Click the thumbnail to open the full-size database diagram (1723 x 1853, 212 KB).

The yellow tables are the Instance, Owner and Location as they existed in the vintage database.

The green tables are the Volume and Media of the vintage database, but two new tables File and Track have been joined to the Volume to describe the contents of data and audio discs respectively. Because a Volume like a boxed-set may contain multiple parts, the File and Track rows have fields that can identify track 3 on disc 2 of a set of audio discs for example.
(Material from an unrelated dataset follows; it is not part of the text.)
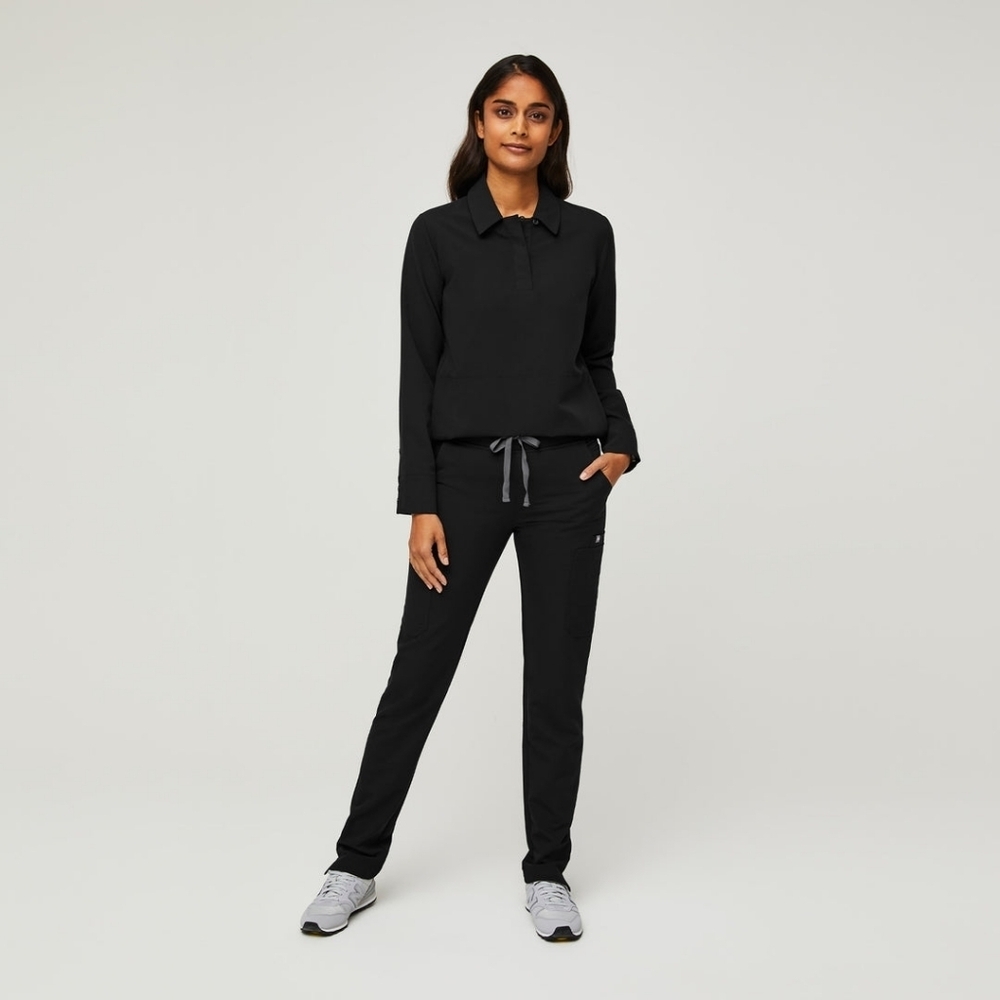 Nala Longsleeve ScrubPolo - Picture 9 of 10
The orange tables were added in the late 90s to associate extra important information with Volumes, such as names, genres, tags and pictures. The Volume and the orange table pairs all participate in classical one-many-one joins that allow, for example, one Volume to have many genres joined to it. The following diagram extract shows how a VolumeGenre join table is used to implement this type of one-many-one join.

One-Many-One

The same one-many-one join technique is repeated for 4 tables. The Name table join is a slightly more complicated because it joins the Volume table to both the Name and Role tables, which joins {Name,Role} pairs to a Volume. This forces each Name to have a Role and it allows, for example, Alfred Hitchcock to be joined twice to the same movie, first in the director role, second as an actor role.

Notice that the middle join tables have an IsPrimary bit column which can specify which Name is the 'primary' one. This allows, for example, a movie to have dozens of people joined to it in different roles, but you may want to specify that the director's name is the primary one.

The pink tables were added in the mid 2000s to associate extra information specifically with the Picture table. They are independent of the other tables and are used to assign "types" to pictures (front cover, performer, etc) and another one-many-one join is used to describe the subjects in the pictures.